In regard to an episode of “Tall Man: Rovin’ Gambler”, in which Faith played Kate Elder, Faith smiled, “Robert Lansing, who played Doc Holliday, was very charming and helpful. A good actor. He was quiet but excellent. Amazingly, I was not injured during the filming of this one. Originally, I had a wonderful song to sing, ‘Down a Lonely Road’. It was the only time I was ever allowed to sing on film. I wore a beautiful dress that had been designed for me almost ten years earlier, when I did ‘Duel at Silver Creek’ at Universal. Apparently, the big budget clothes are recycled for the small budget TV programs.”
Faith was required to act drunk in several scenes, “The role was exceedingly difficult. I never drink anything but wine, so hard liquor and its effects are foreign to me. Director Bill Witney and I worked out the scene where I got on my knees—begging Robert Lansing to take me with him and not shoot it out with Barry Sullivan. This was difficult, hard for me, contrary to my own personality. I didn’t like the performance overall, but Barry Sullivan came up after the scene and said ‘That’s pretty good.’ Then, in a lower voice, he proclaimed ‘If you like that kind of acting.’ He had a wicked, mean Irish humor.”
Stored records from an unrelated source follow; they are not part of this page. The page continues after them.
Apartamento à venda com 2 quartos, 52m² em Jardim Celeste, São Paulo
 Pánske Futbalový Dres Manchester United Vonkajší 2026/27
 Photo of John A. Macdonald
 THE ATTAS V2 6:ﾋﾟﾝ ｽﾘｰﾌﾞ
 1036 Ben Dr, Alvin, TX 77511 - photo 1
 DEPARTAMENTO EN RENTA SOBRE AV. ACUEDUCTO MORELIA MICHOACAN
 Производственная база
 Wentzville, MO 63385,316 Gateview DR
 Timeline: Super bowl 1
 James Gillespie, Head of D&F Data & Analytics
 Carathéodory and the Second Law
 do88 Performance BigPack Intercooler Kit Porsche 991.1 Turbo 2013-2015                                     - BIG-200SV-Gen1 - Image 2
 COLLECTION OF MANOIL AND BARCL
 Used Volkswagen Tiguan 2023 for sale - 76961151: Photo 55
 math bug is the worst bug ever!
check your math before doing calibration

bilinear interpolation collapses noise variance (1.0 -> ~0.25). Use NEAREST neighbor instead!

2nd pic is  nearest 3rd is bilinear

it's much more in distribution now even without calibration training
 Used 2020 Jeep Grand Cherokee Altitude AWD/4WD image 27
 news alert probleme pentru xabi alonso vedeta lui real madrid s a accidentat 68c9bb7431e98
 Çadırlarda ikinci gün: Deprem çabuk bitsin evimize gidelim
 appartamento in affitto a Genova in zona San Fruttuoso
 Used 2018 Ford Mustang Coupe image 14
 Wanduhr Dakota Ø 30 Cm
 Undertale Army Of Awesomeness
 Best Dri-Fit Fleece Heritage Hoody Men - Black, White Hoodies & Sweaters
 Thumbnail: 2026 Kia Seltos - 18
Two “Bonanza” episodes are especially memorable to Faith. “The second one I did (‘The Campaneros’, broadcast 4/19/64) was filming when President Kennedy was assassinated. Naturally, the whole set was hovered with sadness. We laid off several days until after the funeral. But my most favorite show of all time was that other ‘Bonanza’, ‘The Lonely House’ (10/15/61) with poor Little Joe (Michael Landon) who’s now gone. It was directed by William Witney, who directed ‘Santa Fe Passage’, and I consider it the best acting I’ve ever done.”